We first start by importing some necessary libraries:

from pyspark import SparkConf, SparkContext
from pyspark.sql import SQLContext
from pyspark.sql.types import *
from pyspark import SparkConf, SparkContext

from awsglue.utils import getResolvedOptions

After that we explicitly configure a couple of our Spark environment parameters:


#Configuring spark Job run environment
conf = SparkConf() 

#When writing in Parquet to s3, we enable the optimization committer, read more here
conf.set("spark.sql.parquet.fs.optimized.committer.optimization-enabled", "true")

## Using the EMRFS S3-optimized committer version 2
conf.set("spark.hadoop.mapreduce.fileoutputcommitter.algorithm.version", "2")

#Instanciating the spark and gluecontext
sc = SparkContext("local", "Read Snowflake", conf=conf)
spark = SQLContext(sc)
spark_conf = SparkConf().setMaster('local').setAppName('Read Snowflake')

Configure a connection to Snowflake

To connect to a database that is not supported natively by Glue (supported db list), we must make a compatible JDBC connector and other necessary jar files available for the Glue Job at runtime. Unlike Glue Databrew and Glue Studio, we do not need to create a connector or connection ahead of time. We will instead instantiate the connection inside the job.

To connect to a Snowflake warehouse from Glue 2.0, two jar files are needed: A JDBC connector and a Spark connector. I ended up using the snowflake-jdbc-3.2.4 connector, which can be downloaded from the Maven repo (complete list here), and the spark-snowflake_2.11-2.2.6 connector, which can be found here (complete list here).

After downloading the jar files, we need to upload them to an S3 bucket that the Glue Job can access. This can be achieved by adding the S3 paths of both jar files to the “Dependent jars paths” separated by a comma like so:

The assumption here is that you already have a secret created in AWS Secrets Manager and know how to retrieve the necessary values in the Glue Job. The required values are:

## Here I am using the Snowflake test database Snowflake_Sample_Data to execute my query

sfURL = "yoursnowflakeaccountname.snowflakecomputing.com"
sfUser = "yourdbusername"
sfPassword = "yourdbpassword"
sfDatabase = "SNOWFLAKE_SAMPLE_DATA"
sfSchema = "TPCH_SF1000"
sfWarehouse = "COMPUTE_WH"

sfOptions = {
"sfURL" : sfURL,
"sfUser" : sfUser,
"sfPassword" : sfPassword,
"sfDatabase" : sfDatabase,
"sfSchema" : sfSchema,
"sfWarehouse" : sfWarehouse,
}

SNOWFLAKE_SOURCE_NAME = "net.snowflake.spark.snowflake"

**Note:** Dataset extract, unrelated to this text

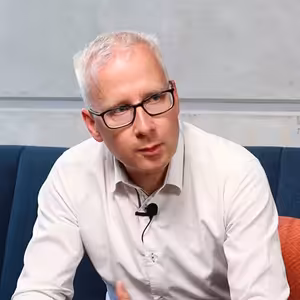 Střechy pokryté panely. Zlínská továrna bude do roku 2030 uhlíkově neutrální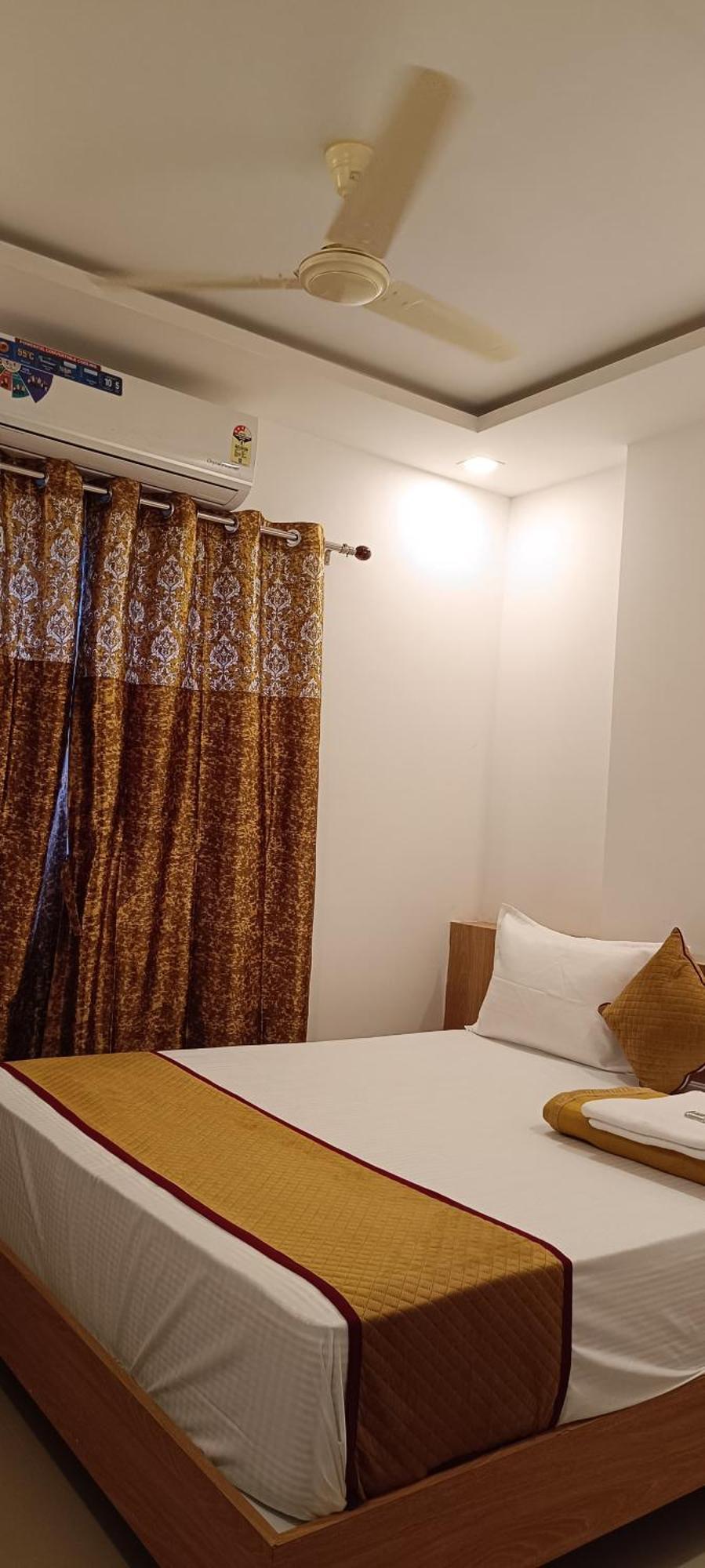 Classic Comfort Lodge Mangalore Luaran gambar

sql_query = "select * from Customer where 1=1 limit 100000" #we only want to return 100k rows

Execute the query

reading_data_frame = spark.read.format(SNOWFLAKE_SOURCE_NAME) \
                               .options(**sfOptions) \
                               .option("query",  sql_query) \
                               .load()

This is all great so far, but the problem is that we would only be leveraging one connection to the database and therefore only utilized one executor in the Glue Job. After all, the whole appeal of using Glue is scalability without worrying about infrastructure.

Parallelize reads using a partition column

To utilize all the available executors for our job and read data in parallel, we need to setup a few options for our spark reader API:

  • partitionColumn is the name of a column used for partitioning. It must be of integer, date, or timestamp type. The best partition columns are ID, primary key, row number, or any column that is as evenly distributed as possible.
  • lowerBound is the minimum value of the ‘partitionColumn’ within the query being executed.
  • upperBound is the maximum value of the ‘partitionColumn’ within the query being executed.
  • numPartitions is the maximum number of partitions that can be used for table parallelism read and consequently when writing to S3. This will also be the number of concurrent connections to the database.
    • When setting this up, we ideally want one partition per executor. I use the number of DPUs as a guide with each having two executors. One executor will be subtracted to be the driver and the number of partitions ends up being: (number_of_DPUs*2) – 1
    • If you are running a 10 DPU job, you will end up with 19 partitions, connections to the database, and files written to S3.

In the Customer table we are using in this example, we will be using c_CUSTKEY column, which is a unique key column. We need to first get the column’s lowerBound and upperBound, then use those two values to execute the query in parallel.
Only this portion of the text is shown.